Civil War director Alex Garland responds to movie criticism: ‘They’re just missing the point’
'Civil War' director Alex Garland has hit out at critics of his movie who have called it apolitical, and insisted the flick does have plenty of political themes woven throughout.
‘Civil War’ director Alex Garland thinks the movie's critics are "missing the point".
The 53-year-old filmmaker's dystopian flick follows journalists - played by Kirsten Dunst, Wagner Moura and Cailee Spaeny - travelling across the United States as a Second Civil War rages in the country, which is being ruled over by a totalitarian president (Nick Offerman), and it has faced a backlash for being apolitial, but Alex just felt he didn't need to overtly "state" the ideals of the film within the plot.
Speaking to Inverse, he said: “People keep saying the film is not political. I think they’re just missing the point.
“It’s just not stating politics in the way they want it to be stated. I thought, it's actually not necessary because audiences ideally would make their own interpretation, ‘What threatens us? What is there around right now that might lead us to this place?’ And I leave that to them.”
Garland wanted his work to reflect the unbiased observations journalists have to make in their day-to-day lives, which he argued was the most politically-charged theme in the movie.
He said: “I just wanted to make old-fashioned news reporters into heroes.
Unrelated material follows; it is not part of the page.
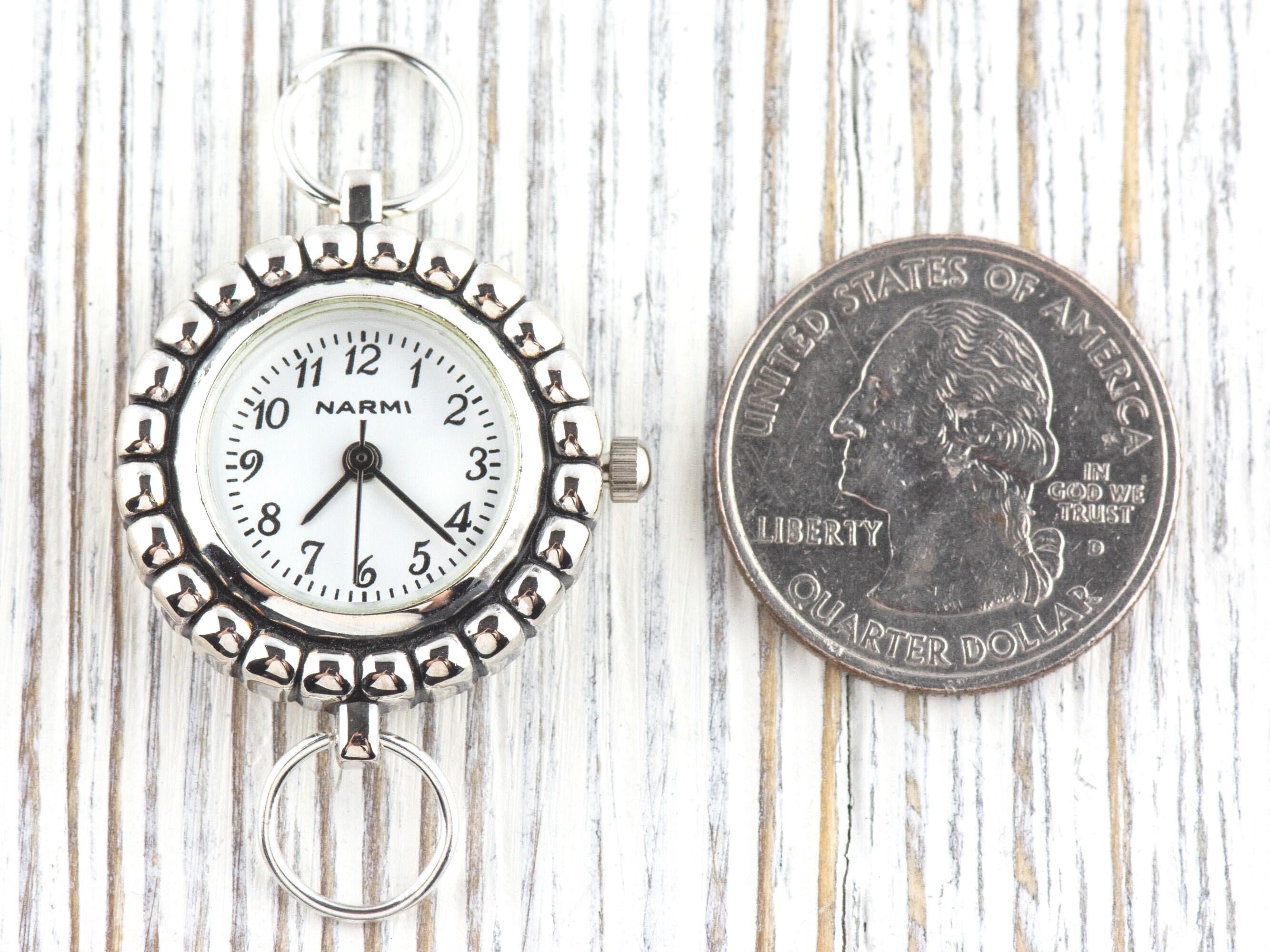 White Dial Silvertone Bumpy Round Watch Face • DIY Beading Watch • Jewelry Making • Analog • Loops and Battery Included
Even that is its own low-level political statement.
“[It] is an attitude that belongs to the bias we now expect from news services. On some level, I just wanted to make journalists heroes because I felt that the demonization of journalists was idiotic.”
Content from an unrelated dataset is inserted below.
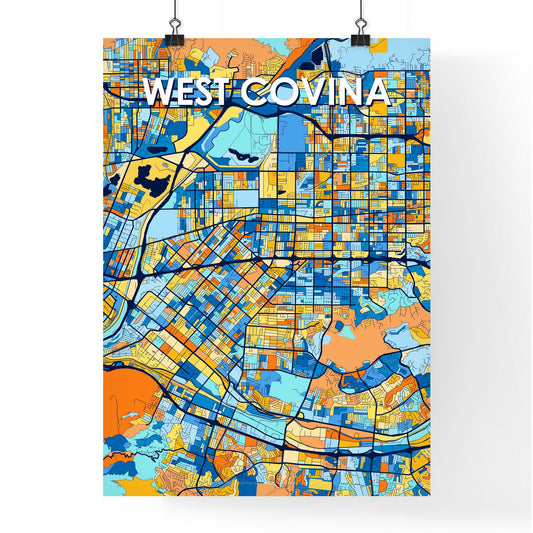 WEST COVINA CALIFORNIA Vibrant Colorful Art Map Poster Blue Orange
Agreeing with her director, Kirsten previouly insisted the film’s messaging was completely “open to interpretation”.
During an interview with Variety magazine, she said: “This movie, after you see it, you want to talk about it for a while with people. And I think any movie that does that is incredible.
“The whole movie is open to interpretation. For me, there were things I just accepted that were unexplained. It allows the audience to fill in their own feelings about what they're watching.”